Jeng, jeng, jeng >,< ini dia tugas Logika dan Penulisan Ilmiah alias Logpenil yang paling gedhe bobotnya: 35% >,< Dengan bobot yang sedemikian besar tersebut, tugas inilah yang berkontribusi besar atas jatuhnya nilai Logpenil saya >,< aaargh nyesel deh procrast dulu ngerjainnya, keburu-buru, jadi beginilah hasilnya >,<
=========================================================
--------------------- ^o^ SAY NO to PLAGIARISM! ^o^ -------------------
------------------ >,< SAY NO to PROCRASTINATE! >,< -----------------
=========================================================
Pembantu Rumah Tangga bagi Anak di Bawah Enam Tahun: Kemudahan yang Menimbulkan Kesulitan
Nama: Putrie Kusuma Wardhani
Kelas: Logika dan Pennulisan Ilmiah A
NPM: 1106002583
Dosen Pengajar: Nurlyta Hafiyah
Dikumpulkan: 23-Desember-2011
Jumlah kata: 1731 kata
--------------------------------------------------------------------------------------------------
Abstrak
Sebagian ibu dengan anak yang belum menginjak usia remaja yang juga merupakan wanita karir memutuskan untuk mempekerjakan pembantu rumah tangga dengan harapan dapat menciptakan kemudahan bagi dirinya maupun anaknya. Akan tetapi saya memandang hal tersebut justru akan menimbulkan berbagai kesulitan baik bagi sang ibu terlebih bagi sang anak di kemudian hari. Secara lebih detail, saya menunjukkan berbagai efek negatif yang dapat timbul akibat adanya pembantu bagi pembentukan sifat anak.
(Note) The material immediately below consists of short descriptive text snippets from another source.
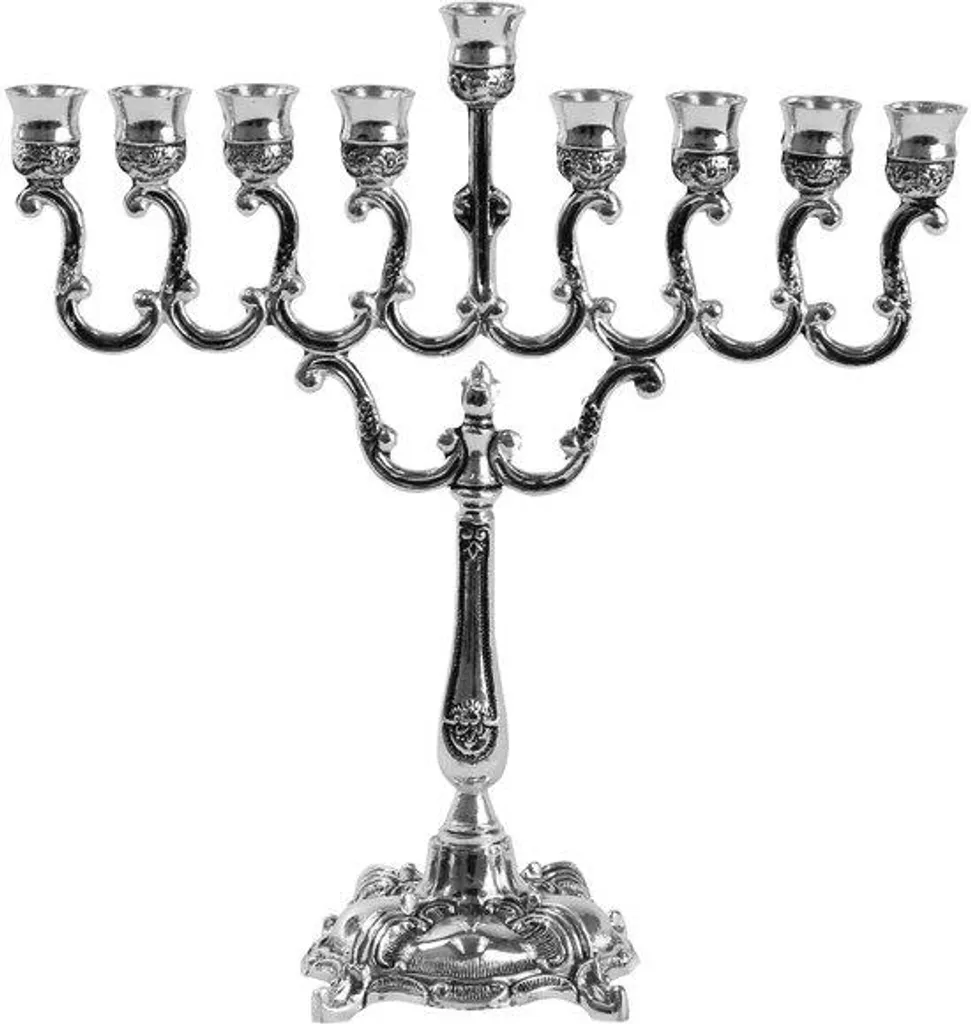 Menorah pour fête de Hanoukka 18 cm - Chandelier argenté décoration juive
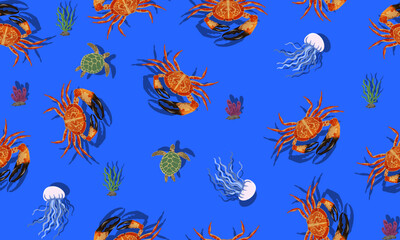 Fototapeta na wymiar Vector seamless pattern with sea animals on blue background.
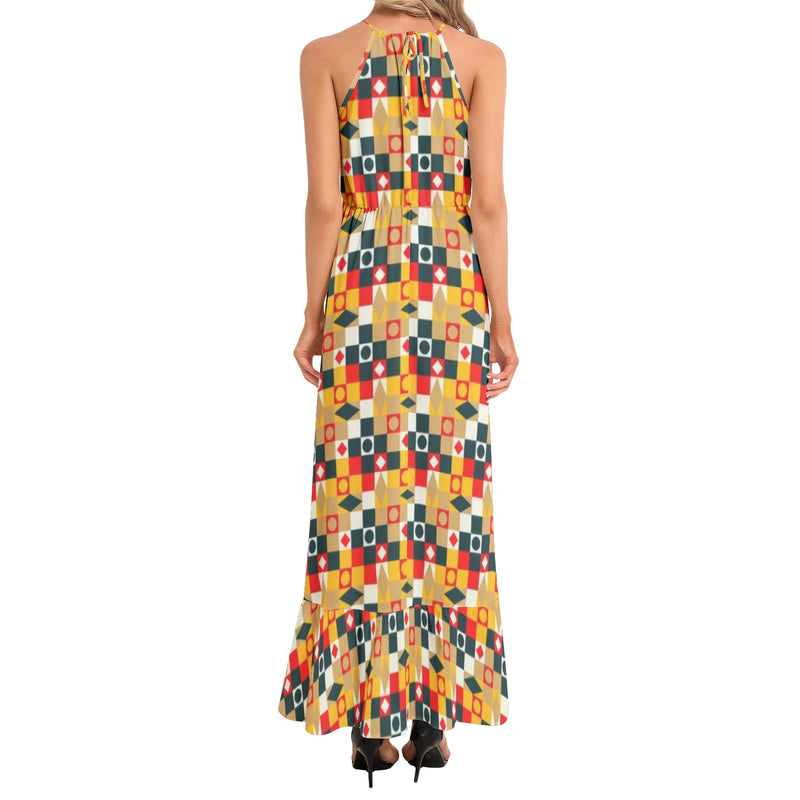 Ruffle Hem Halter Neck Maxi Dress - Objet D'Art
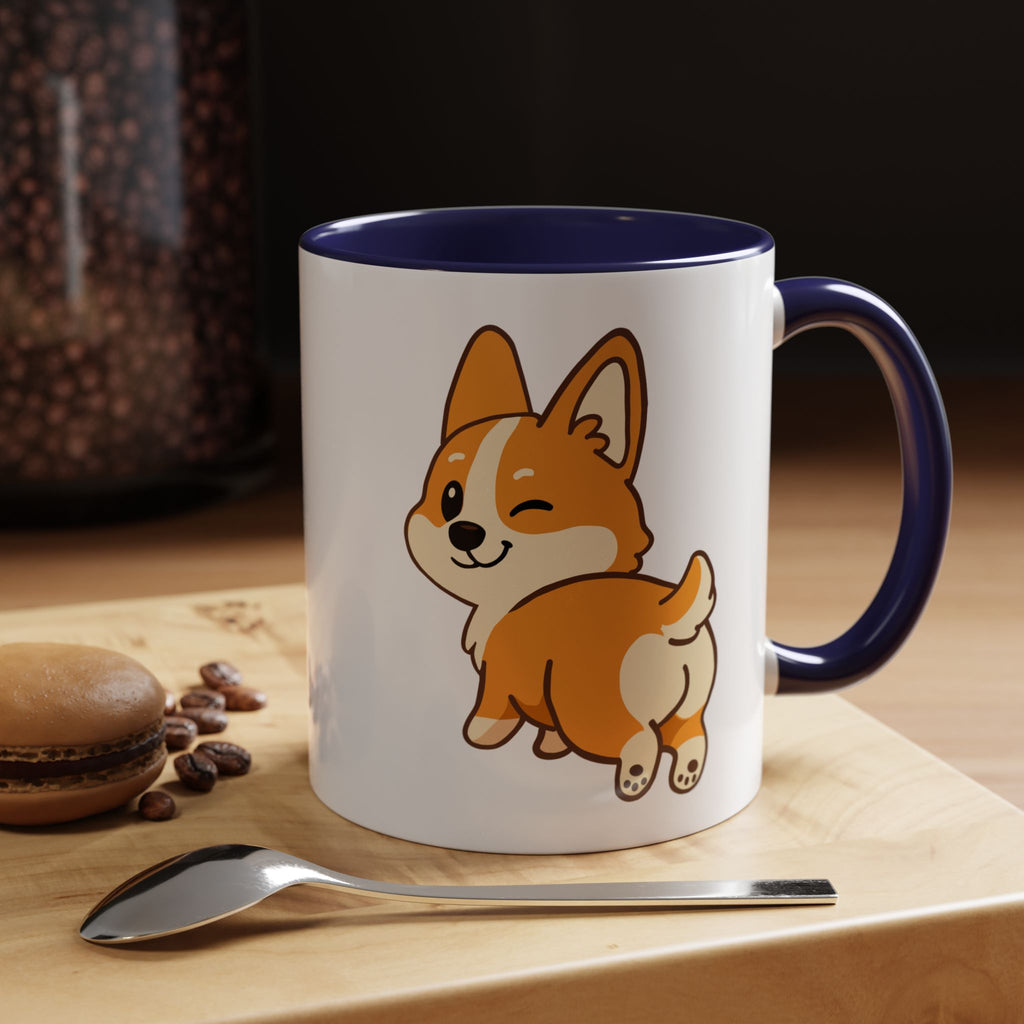 Cute Winking Corgi Accent Coffee Mug — Cute Dog Lover Gift (11/15oz)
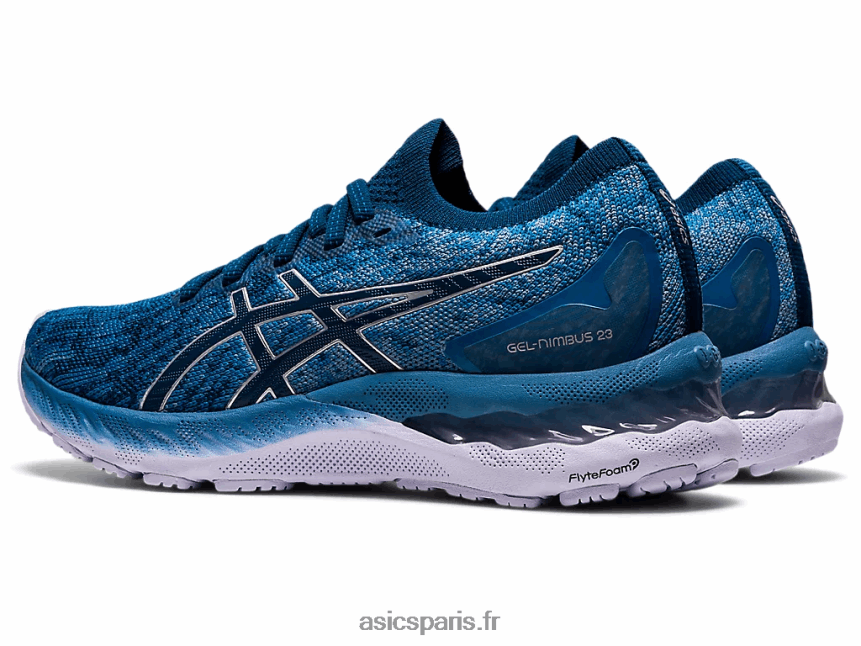 femmes Asics gel-nimbus 23 tricot BXL8B23922 fil gris/bleu mako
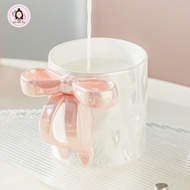 Pearl-colored Ceramic Mug with Luxurious Design Bow Comes with a Meaningful Gift Box and Card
Oleh karenanya, akan lebih baik jika ibu dengan kondisi tersebut menahan keinginannya untuk mempekerjakan pembantu dan memilih bekerja sama dengan sang anak untuk memperingan beban-bebannya.
----------------------------------------------------------------------------------------------
Pembantu Rumah Tangga bagi Anak di Bawah Enam Tahun: Kemudahan yang Menimbulkan Kesulitan
Pernahkah Anda melihat suatu kondisi di mana seorang anak lebih mengenal pembantunya daripada ibu kandungnya sendiri? Atau dibalik, pernahkah Anda melihat suatu kondisi di mana seorang pembantu lebih mengenal sang anak majikan daripada majikannya yang notabene merupakan ibu kandung dari sang anak itu sendiri? Pada zaman sekarang hal semacam itu sudah tidak asing lagi dan cukup mudah dijumpai di berbagai tempat. Lahirnya emansipasi wanita tampaknya melahirkan semangat yang lebih besar pada para wanita untuk mengenyam pendidikan setinggi-tingginya. Bahkan semangat belajarnya rata-rata melebihi semangat para pria. Hal ini terbukti dengan didominasinya peringkat-peringkat teratas kelas oleh para wanita pada umumnya. Dengan prestasi yang demikian gemilang saat menempuh jenjang-jenjang pendidikan, setamat sekolah atau seusai wisuda, seorang wanita kebanyakan tak akan rela menganggur begitu saja. Mereka akan berbaur dengan para pria dan tak mau kalah ikut melamar ke sana ke mari berlomba-lomba mendapatkan pekerjaan setinggi mungkin. Bekerja memang bukan suatu hal yang dilarang, namun untuk seorang wanita yang mulai menjadi seorang ibu, sedikit banyak hal tersebut akan menimbulkan masalah. Harus mengurus keperluan rumah tangga, anak, serta tugas kantor sekaligus memang bukan hal yang mudah. Bagaimanapun juga, kecenderungan seorang ibu untuk mempekerjakan pembantu rumah tangga ketika sang anak masih balita dengan tujuan mengurangi kerepotan bukanlah sesuatu hal yang baik karena dapat menimbulkan berbagai efek negatif bagi sang anak, terutama jika anak tersebut seorang perempuan.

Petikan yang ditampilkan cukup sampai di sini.